I never gave her a name, she was always just The Contour. The words, "red Ford Contour" slip from my lips so easily. What do you drive? A red Ford Contour. Which one's yours? That red Ford Contour.This newfangled car we bought better last a good 12 years because I'm telling you what, car shopping is just way too traumatic for me.

05 March 2011

More Updates

At least if life has to be completely crazy, it happens over Spring Break.

Visitors
The in-laws were in town for a few days this week. It was a lot of fun having more family in town, but I didn't realize how easy it is to run oneself ragged when one is pregnant. I am soooooo tired from being out and about all day every day. The only time we get out and see the tourist-y things is when visitors come. It was even the first time we'd been to the beach in just about forever.

Cars
We bought a new car.
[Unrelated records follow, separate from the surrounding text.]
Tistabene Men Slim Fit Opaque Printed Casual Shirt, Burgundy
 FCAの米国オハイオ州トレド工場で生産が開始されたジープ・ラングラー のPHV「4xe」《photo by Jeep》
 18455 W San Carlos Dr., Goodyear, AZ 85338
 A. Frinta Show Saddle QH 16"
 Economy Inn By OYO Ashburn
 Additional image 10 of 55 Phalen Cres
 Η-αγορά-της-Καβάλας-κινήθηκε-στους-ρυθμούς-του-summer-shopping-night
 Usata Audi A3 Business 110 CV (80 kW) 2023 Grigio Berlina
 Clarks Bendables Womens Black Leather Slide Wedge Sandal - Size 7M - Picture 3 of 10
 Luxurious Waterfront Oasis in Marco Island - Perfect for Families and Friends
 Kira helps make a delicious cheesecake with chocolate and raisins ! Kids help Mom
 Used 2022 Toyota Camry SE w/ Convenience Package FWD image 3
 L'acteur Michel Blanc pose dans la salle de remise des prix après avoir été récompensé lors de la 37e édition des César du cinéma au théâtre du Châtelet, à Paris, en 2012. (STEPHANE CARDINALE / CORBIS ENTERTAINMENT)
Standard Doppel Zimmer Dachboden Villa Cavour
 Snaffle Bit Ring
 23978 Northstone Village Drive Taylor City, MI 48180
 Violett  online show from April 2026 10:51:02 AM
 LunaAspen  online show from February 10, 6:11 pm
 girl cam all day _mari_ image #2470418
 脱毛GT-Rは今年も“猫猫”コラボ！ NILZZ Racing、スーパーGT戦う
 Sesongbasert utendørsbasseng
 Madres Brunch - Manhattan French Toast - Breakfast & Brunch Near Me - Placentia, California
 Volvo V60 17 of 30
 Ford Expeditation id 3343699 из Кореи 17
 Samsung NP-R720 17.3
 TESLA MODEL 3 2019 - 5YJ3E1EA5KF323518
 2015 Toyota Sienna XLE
Last Friday, our old car's transmission started acting up in addition to it's previous unrelated acceleration problems. The car at several points wouldn't leave third gear (it's an automatic), and we limped down the road at 30 miles an hour with our flashers on. The deterioration was very quickly getting worse with each passing day, so the day after our visitors left, we spent all day car hunting. We chose a red 2011 Ford Focus (manual). My dad works for Ford, so we qualify for special pricing, plus Ford is unveiling the new 2012 Focus early, so we got some serious discounts on a 2011. It was actually cheaper to buy a new Focus than a used Fusion, although you can imagine our vast selection in the manual department. We are going out this weekend so that I can brush up on my manual skills. We will be headed into the dealer around 11am in order to finish the paperwork and pick the car up.

Michigan
We couched planning for Michigan plans over the week since Matt's parents were in town. I am spending today focusing on the car and tomorrow relaxing. But come Monday, I am going to be hitting the pavement again. There is so much to research and plan, details to come.

Pregnancy
Gestational diabetes tests on hypoglycemic women is pure torture, I swear. It took me several hours at home to rebound, and it didn't help that this occurred just prior to our spending 8 hours car shopping. On the more positive side, I've been feeling stronger movement, even a few kicks on the outside! Matt is very eager to feel the baby move and has been patiently waiting for the baby to get bigger so he could feel the kicks himself. Hopefully over the course of the next few days, he'll be able to feel one of the kick-boxing sessions our child is so fond of.